DIRECTIONS ::
Report all lines below with the word "Disney".
·····
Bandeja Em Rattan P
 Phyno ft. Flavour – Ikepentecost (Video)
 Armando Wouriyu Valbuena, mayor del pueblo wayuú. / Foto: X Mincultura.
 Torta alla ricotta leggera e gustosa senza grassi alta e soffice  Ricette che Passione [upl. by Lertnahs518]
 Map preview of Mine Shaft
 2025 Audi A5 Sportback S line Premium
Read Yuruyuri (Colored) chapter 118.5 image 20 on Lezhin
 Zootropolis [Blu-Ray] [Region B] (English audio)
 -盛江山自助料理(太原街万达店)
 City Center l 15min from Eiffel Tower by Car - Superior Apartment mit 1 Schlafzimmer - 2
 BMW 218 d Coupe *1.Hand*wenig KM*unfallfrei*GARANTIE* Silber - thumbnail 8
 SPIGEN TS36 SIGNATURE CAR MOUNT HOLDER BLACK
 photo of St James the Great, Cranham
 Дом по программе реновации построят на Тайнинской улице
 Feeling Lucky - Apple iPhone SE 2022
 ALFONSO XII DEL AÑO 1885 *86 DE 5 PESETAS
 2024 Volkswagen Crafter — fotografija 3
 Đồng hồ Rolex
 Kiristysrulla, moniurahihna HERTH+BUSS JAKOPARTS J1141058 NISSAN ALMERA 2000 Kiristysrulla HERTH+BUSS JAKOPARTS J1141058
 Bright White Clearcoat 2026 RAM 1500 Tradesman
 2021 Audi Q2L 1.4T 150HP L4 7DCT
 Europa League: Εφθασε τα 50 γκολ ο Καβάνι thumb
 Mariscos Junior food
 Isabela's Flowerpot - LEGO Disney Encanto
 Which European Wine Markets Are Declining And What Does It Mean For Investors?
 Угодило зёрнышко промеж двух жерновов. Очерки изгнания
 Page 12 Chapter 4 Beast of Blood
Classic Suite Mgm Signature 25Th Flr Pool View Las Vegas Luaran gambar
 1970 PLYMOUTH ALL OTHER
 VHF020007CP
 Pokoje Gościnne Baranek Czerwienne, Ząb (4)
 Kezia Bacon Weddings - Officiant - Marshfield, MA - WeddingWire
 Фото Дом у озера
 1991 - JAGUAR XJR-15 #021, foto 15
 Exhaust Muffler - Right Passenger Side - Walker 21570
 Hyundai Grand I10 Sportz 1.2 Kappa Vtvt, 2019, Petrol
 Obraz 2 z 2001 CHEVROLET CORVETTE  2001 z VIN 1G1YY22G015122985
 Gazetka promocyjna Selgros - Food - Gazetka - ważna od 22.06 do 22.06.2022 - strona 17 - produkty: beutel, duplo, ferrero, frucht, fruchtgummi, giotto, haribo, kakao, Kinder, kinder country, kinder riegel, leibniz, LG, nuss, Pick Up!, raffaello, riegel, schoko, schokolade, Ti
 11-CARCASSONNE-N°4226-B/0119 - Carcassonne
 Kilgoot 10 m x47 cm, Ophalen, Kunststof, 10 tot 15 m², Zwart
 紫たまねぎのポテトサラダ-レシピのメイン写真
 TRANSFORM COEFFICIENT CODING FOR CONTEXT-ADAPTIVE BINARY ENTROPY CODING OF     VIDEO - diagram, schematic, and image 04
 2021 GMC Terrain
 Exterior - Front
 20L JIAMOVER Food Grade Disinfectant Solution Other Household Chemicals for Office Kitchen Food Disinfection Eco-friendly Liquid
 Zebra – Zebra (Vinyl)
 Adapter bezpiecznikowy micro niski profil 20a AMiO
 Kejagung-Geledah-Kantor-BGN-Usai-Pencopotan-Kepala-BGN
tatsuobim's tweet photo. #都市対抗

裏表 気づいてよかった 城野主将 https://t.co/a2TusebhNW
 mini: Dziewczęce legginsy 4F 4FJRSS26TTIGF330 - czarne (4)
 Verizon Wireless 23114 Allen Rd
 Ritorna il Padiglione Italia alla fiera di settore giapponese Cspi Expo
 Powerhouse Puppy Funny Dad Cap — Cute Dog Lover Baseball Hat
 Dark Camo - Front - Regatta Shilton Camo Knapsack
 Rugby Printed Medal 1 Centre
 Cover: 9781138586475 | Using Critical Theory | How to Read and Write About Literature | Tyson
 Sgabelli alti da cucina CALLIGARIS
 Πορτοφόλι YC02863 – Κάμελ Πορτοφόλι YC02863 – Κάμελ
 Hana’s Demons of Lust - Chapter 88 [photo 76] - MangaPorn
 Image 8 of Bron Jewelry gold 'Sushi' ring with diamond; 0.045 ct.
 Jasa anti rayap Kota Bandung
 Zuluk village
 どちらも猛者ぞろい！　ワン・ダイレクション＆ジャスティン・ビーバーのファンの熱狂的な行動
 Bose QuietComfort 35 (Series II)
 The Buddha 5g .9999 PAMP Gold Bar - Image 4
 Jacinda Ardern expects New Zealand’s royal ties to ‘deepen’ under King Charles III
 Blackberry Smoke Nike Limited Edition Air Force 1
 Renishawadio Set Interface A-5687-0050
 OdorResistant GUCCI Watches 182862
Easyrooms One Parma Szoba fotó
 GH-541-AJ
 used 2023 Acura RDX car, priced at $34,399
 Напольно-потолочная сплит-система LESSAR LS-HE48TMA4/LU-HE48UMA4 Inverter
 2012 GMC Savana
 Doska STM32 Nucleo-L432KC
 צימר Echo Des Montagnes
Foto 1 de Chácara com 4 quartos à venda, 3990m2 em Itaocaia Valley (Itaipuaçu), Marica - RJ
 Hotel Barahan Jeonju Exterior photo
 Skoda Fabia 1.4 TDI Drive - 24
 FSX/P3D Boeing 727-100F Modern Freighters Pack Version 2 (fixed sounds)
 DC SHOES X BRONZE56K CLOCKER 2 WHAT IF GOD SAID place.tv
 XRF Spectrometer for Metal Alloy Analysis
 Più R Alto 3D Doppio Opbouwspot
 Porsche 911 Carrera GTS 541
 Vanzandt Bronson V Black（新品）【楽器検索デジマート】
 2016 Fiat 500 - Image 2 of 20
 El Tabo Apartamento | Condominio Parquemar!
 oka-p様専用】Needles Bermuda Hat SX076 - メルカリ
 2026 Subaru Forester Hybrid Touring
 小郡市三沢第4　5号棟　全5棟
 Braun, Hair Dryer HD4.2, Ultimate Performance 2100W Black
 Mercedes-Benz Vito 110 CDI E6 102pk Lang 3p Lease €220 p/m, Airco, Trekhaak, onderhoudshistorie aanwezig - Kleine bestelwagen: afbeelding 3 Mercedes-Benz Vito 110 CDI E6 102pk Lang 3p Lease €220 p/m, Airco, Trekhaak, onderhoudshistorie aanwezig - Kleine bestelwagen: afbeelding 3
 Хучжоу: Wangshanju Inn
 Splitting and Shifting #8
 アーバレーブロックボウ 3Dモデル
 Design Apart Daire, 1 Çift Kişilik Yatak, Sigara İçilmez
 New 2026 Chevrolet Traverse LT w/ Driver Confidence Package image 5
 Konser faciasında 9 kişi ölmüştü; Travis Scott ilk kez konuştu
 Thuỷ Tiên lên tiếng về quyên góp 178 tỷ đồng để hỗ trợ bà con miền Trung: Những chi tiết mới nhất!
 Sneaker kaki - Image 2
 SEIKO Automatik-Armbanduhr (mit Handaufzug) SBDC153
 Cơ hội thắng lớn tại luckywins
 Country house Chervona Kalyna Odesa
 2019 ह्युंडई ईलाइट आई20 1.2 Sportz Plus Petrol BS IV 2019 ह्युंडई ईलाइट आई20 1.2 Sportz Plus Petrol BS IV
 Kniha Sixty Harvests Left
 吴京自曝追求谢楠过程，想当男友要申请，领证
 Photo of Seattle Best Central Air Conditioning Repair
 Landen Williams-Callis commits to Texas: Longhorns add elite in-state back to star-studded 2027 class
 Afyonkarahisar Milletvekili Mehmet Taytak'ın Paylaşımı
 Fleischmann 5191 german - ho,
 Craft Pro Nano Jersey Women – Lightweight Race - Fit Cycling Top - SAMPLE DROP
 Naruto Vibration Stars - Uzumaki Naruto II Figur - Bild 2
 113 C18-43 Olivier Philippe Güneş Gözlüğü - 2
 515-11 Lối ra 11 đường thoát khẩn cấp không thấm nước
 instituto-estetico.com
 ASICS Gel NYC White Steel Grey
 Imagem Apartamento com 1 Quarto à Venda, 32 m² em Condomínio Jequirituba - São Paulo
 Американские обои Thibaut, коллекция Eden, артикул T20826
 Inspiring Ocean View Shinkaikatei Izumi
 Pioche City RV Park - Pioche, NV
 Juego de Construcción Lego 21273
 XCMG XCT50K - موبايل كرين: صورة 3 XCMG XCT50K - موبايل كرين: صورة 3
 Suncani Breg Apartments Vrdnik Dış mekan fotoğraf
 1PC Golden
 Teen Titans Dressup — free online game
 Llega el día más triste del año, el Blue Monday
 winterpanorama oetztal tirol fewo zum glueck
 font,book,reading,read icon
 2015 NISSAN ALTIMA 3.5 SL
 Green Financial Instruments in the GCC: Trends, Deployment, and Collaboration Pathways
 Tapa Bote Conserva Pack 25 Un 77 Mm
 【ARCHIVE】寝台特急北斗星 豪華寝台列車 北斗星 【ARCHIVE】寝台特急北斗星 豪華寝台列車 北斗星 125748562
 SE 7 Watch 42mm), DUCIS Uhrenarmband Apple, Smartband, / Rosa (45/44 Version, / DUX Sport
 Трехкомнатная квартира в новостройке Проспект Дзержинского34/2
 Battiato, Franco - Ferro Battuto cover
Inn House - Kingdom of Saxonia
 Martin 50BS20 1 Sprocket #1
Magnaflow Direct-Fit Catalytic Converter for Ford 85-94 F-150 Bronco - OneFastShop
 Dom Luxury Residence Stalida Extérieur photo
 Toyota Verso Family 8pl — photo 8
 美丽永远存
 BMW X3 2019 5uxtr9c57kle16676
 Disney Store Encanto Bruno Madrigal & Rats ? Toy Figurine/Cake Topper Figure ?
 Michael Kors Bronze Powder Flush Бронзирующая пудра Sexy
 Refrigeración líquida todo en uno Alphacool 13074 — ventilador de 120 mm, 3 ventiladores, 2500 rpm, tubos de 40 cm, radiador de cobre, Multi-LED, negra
·····
YOUR SOLUTION ::
 Isabela's Flowerpot - LEGO Disney Encanto
 Disney Store Encanto Bruno Madrigal & Rats ? Toy Figurine/Cake Topper Figure ?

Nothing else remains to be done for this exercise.